Blindfoldedmonkey

Tuesday, 11 November 2014

THE MARKET IS REALLY PRICEY?

There many too investors who convinced the market went to much up and they are getting more pessimistic about the bulls, specially after the great last month rally. The DJIA has come up closely 2.000 points since the middle of October and stays on record level. Day by day hits new historical highs. They do believe the market is overvalued and it is in a bubble phase and pretty soon that needs to burst.


They have anxiety about the state of the financial markets and they tend to catch the short side of the market. They burn out always in this condition of the market. In the last 4-5 years I have heard thousands of times the market is too pricey and needs to come a correction. Yes they are right many cases, because in the long bullish secular trend what we are experiencing now has correction periods, but the trend is obviously bullish and the bulls stay with us for many years more.

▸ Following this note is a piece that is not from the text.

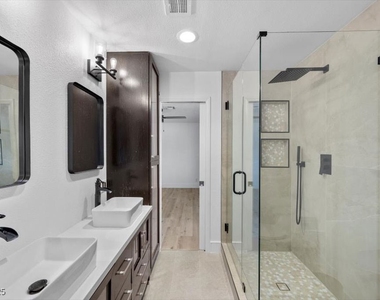 1695 Montessouri Street - Photo Thumbnail 20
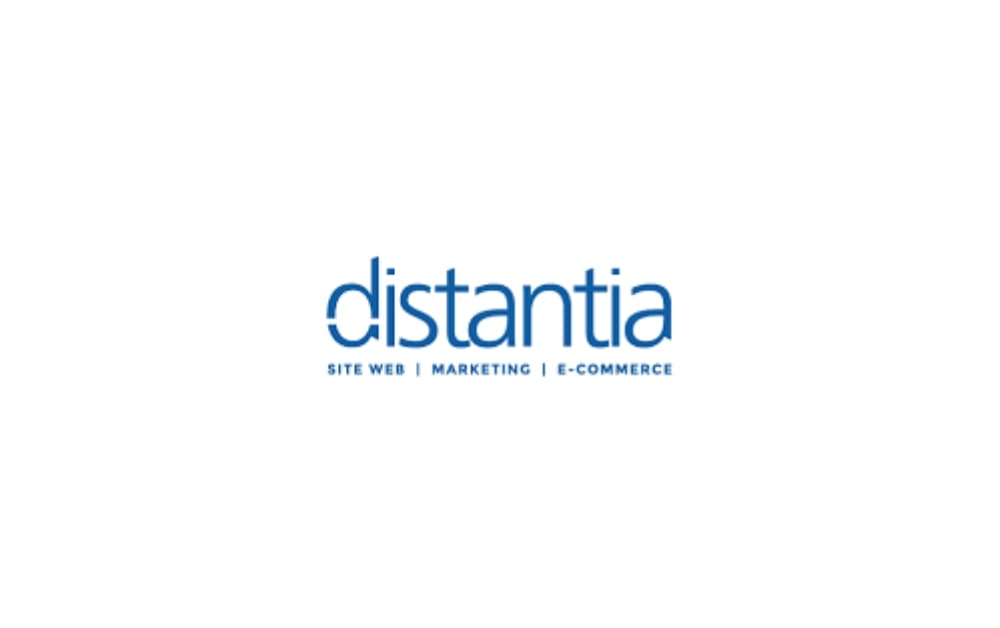 "Distantia logo in blue font with tagline: Site Web, Marketing, E-Commerce"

We are really fascinated by this chart which gives us bigger perspective and shows the big picture about the stock markets. This one chart by Merrill Lynch BofA tells more information than thousands of words that the secular bull market just got started.


The BFM Assets Team.


Monday, 10 November 2014

ASIAN OUTLOOK

The weekend is over and Far- East markets have closed this morning in mixed colors.

  • Nikkei 225 16,781, - 0.59% 
  • Hang Seng 23,745, +0.83% 
  • Shanghai 2,474, +2.31% 
  • Sensex 27,863, -0.02%


Asian stocks held firm Monday trade after great trading in week in U.S. Japan's Nikkei slipped slightly 0.4% as the yen rebounded on profit-taking in the dollar, maybe some investors took some money off the table after the market's rally to record highs. Hong Kong index, Hang Seng posted a solid rebound on Monday after the index had been declining for five straight sessions before Monday. Over on the Chinese mainland, the Shanghai Composite Index rallied 2.3%.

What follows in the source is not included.